Rimanemmo al centro di accoglienza per un po’, poi però giunse il momento di partire, perché non si poteva rimanere al centro troppo a lungo. Ero triste di andar via…
L’ultimo giorno di scuola le maestre organizzarono un piccolo spettacolo per salutare Tom. Fatima lo abbracciò stretto.
– Allah ti protegga.
– Il Signore ti benedica – rispose Tom con una frase che la mamma gli ripeteva spesso.
Non la rivide mai più.
E così arrivammo alla casa-famiglia di Trapani, dove mi trovo adesso. Qui cominciai la scuola elementare e la maestra m’insegnò un sacco di cose. Diceva che ero un ragazzino sveglio, perché imparavo in fretta e facevo molte domande.
Mentre io ero a scuola, la mamma andava a lavorare in una cooperativa. In certi periodi lavorava al pomeriggio invece che al mattino, perché faceva i turni. In altri periodi non aveva lavoro e allora aiutava in casa.
L’affetto e la stima dell’insegnante erano stati molto importanti per il piccolo Tom: l’avevano aiutato a sentirsi accolto e ad acquisire fiducia in se stesso. Ecco perché adesso non poteva rifiutarsi di svolgere quel tema: se la maestra glielo aveva assegnato, di sicuro era la cosa giusta per lui.

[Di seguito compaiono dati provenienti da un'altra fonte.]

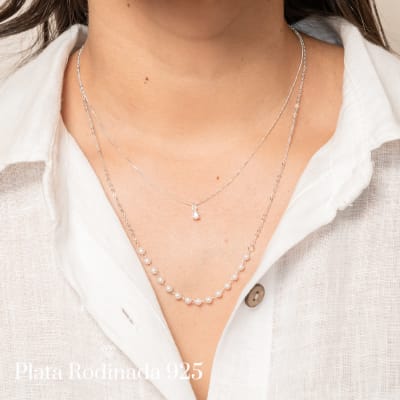 Collar Rodinado Perlas y Circón1
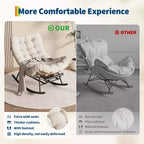 Sedia a Dondolo Oversize con Poggiapiedi, Poltrona Relax Imbottita con Telaio in Metallo, Sedia Reclinabile per Patio, Cortile, Camera da Letto, Giardino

Vivere nella casa-famiglia è più bello che vivere al centro, perché c’è meno confusione. Ci sono otto mamme con i loro bambini, e poi c’è nonna Rosa. Nonna Rosa non è proprio una nonna, è una signora che organizza le cose e guarda i bambini quando le mamme sono a lavorare. A organizzare le cose è bravissima! Guai se non ci fosse lei! Se ne intende anche di documenti, carte, permessi di soggiorno e altre cose complicate. Anche a guardare i bambini è bravissima, riesce a volere bene a tutti senza fare preferenze per nessuno. Ogni tanto la facciamo arrabbiare, e allora ci insegue col cucchiaio di legno per picchiarci, ma noi scappiamo e andiamo a nasconderci sotto i letti. Nonna Rosa non riesce mai ad acchiapparci, perché siamo più veloci e più furbi di lei.

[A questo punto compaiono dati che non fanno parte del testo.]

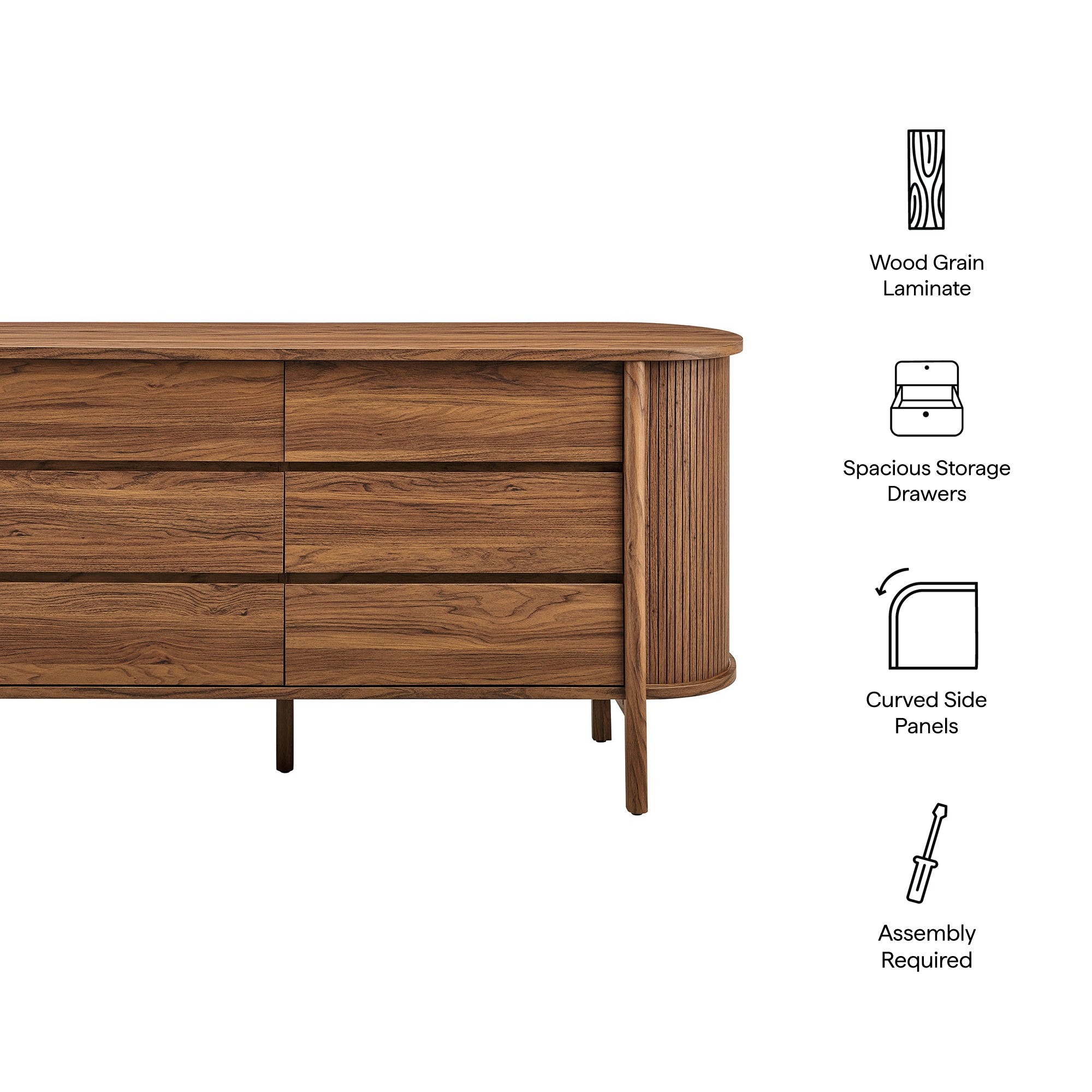 Cadence 6-Drawer Curved Dresser by Modway - Best Buy Furniture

Nel momento stesso in cui scriveva queste frasi, Tom sapeva che erano una piccola bugia. In realtà nonna Rosa avrebbe potuto acchiapparli in qualsiasi momento, se avesse davvero voluto; ma si limitava a spaventarli con minacce terribili, cercando di dissimulare sotto il finto cipiglio l’affiorare di un sorriso affettuoso.

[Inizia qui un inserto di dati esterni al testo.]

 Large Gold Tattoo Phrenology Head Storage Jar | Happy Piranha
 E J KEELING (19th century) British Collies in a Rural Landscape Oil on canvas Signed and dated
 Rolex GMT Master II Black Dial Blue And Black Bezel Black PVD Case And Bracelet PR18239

Nonna Rosa è bravissima anche a preparare torte. Dice che i dolci non vanno mangiati tutti i giorni, perché se ci si abitua poi non si apprezzano più. Bisogna mangiarli solo quando c’è qualcosa da festeggiare. Però siccome nella casa-famiglia viviamo in tanti, c’è sempre qualche compleanno o onomastico o festa d’addio per cui preparare una torta.
La festa d’addio si fa quando qualche mamma riesce a trovare una sistemazione, e allora se ne va via dalla casa- famiglia con il suo bambino, e inizia una nuova vita in una casa tutta sua, con un lavoro sicuro. Nonna Rosa dice sempre che le feste d’addio sono i momenti più belli, perché significano che la casa-famiglia ha portato frutto. Però c’è anche un po’ di tristezza, perché chi va via di solito non torna più, casomai telefona a Natale o a Pasqua. Presto ci sarà la festa d’addio per noi. Nonna Rosa è riuscita a trovare un lavoro per mamma in una piccola città che si chiama Cassanico: è molto lontana da Trapani, per arrivarci bisogna viaggiare un giorno e una notte, cambiando treno quattro o cinque volte. Però mi hanno detto che è una città molto bella, con tanto verde intorno. Mamma è rimasta là quindici giorni in prova, ed è stata assunta. Adesso è tornata a prendermi, partiremo insieme fra pochi giorni. Vivremo in un alloggetto tutto per noi due. Finalmente! Lei lavorerà nientepopodimeno che nella casa del sindaco, io farò la quinta in una nuova scuola. Potremo sistemarci a meraviglia e vivere lì noi due insieme per tutta la vita.